| Task to complete |
Only the pictures should be dropped; copy the rest of the entries exactly.

***** Exercise input

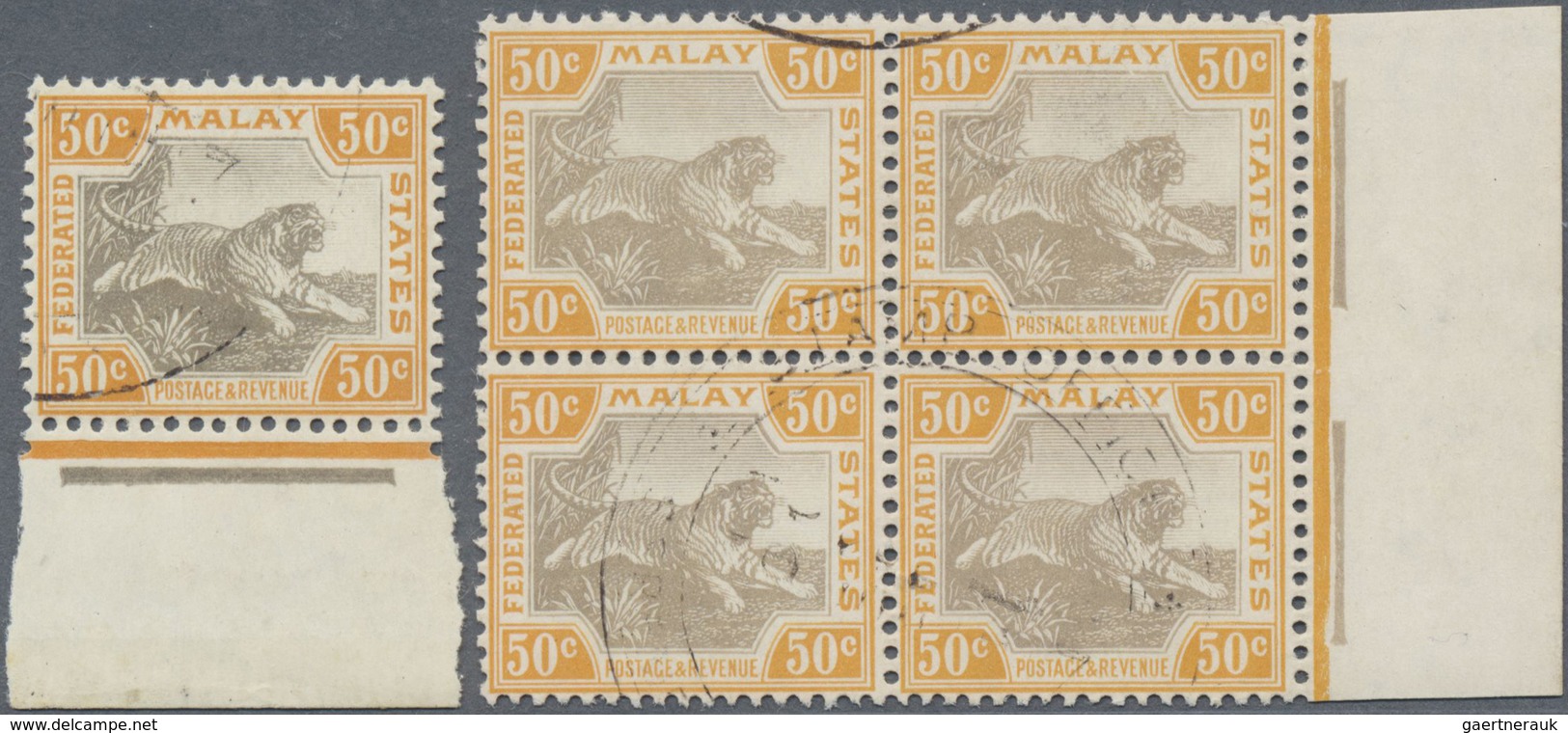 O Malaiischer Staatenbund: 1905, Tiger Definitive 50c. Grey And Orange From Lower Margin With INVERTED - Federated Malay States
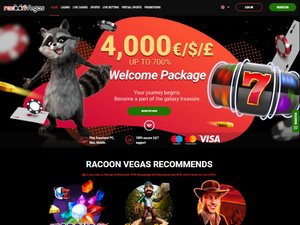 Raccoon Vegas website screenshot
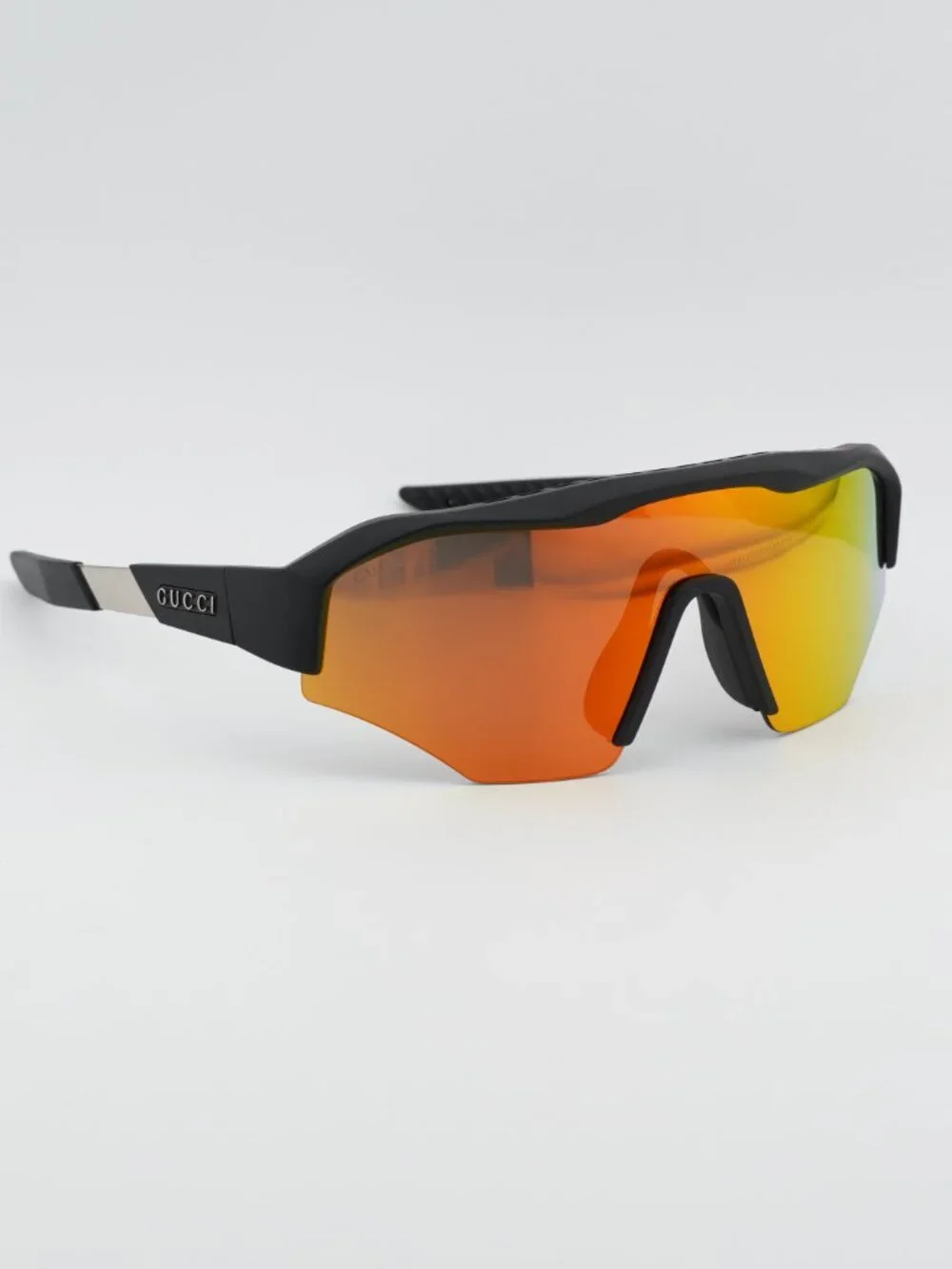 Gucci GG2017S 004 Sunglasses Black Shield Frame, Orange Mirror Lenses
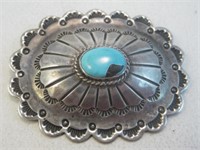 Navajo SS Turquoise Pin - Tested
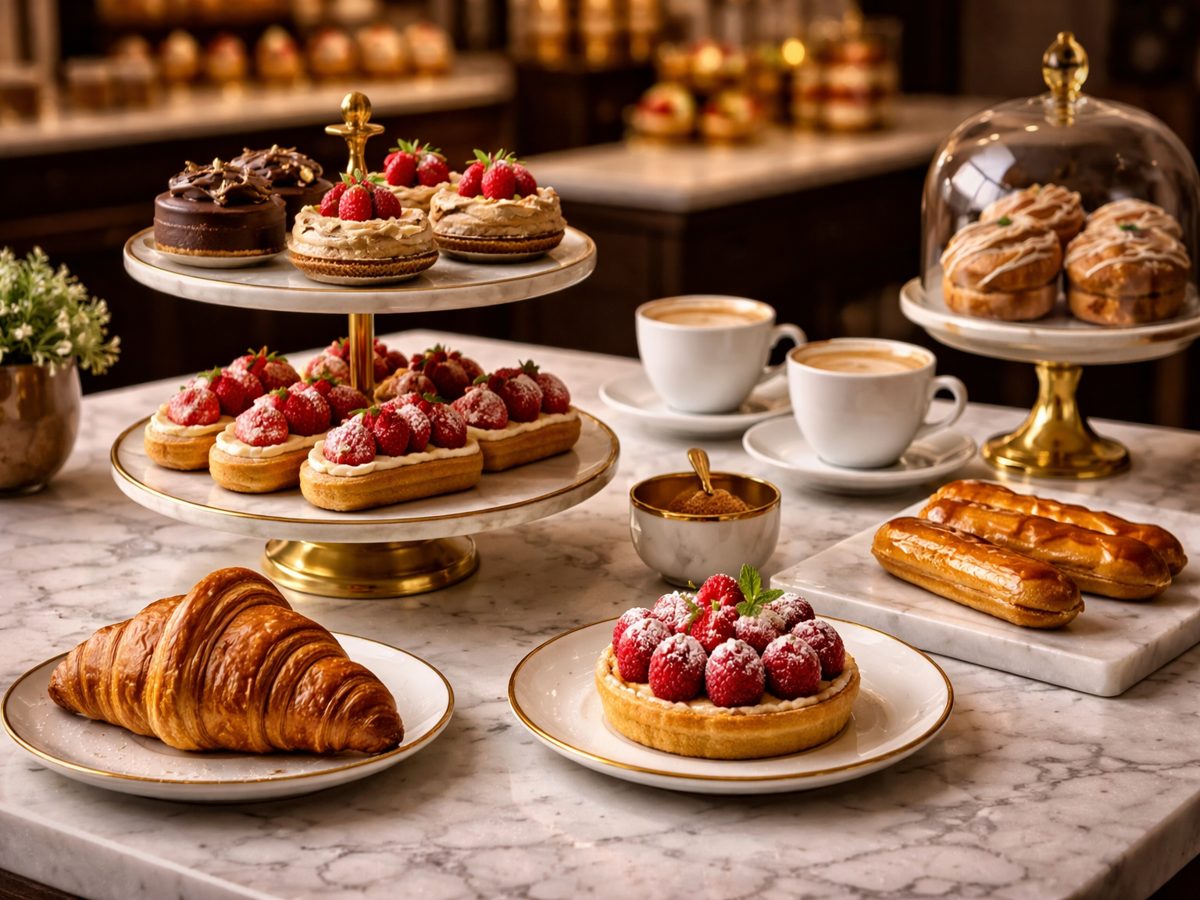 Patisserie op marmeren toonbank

**********

| Written response |
 O Malaiischer Staatenbund: 1905, Tiger Definitive 50c. Grey And Orange From Lower Margin With INVERTED - Federated Malay States
 Raccoon Vegas website screenshot
 Gucci GG2017S 004 Sunglasses Black Shield Frame, Orange Mirror Lenses
 Navajo SS Turquoise Pin - Tested
 Patisserie op marmeren toonbank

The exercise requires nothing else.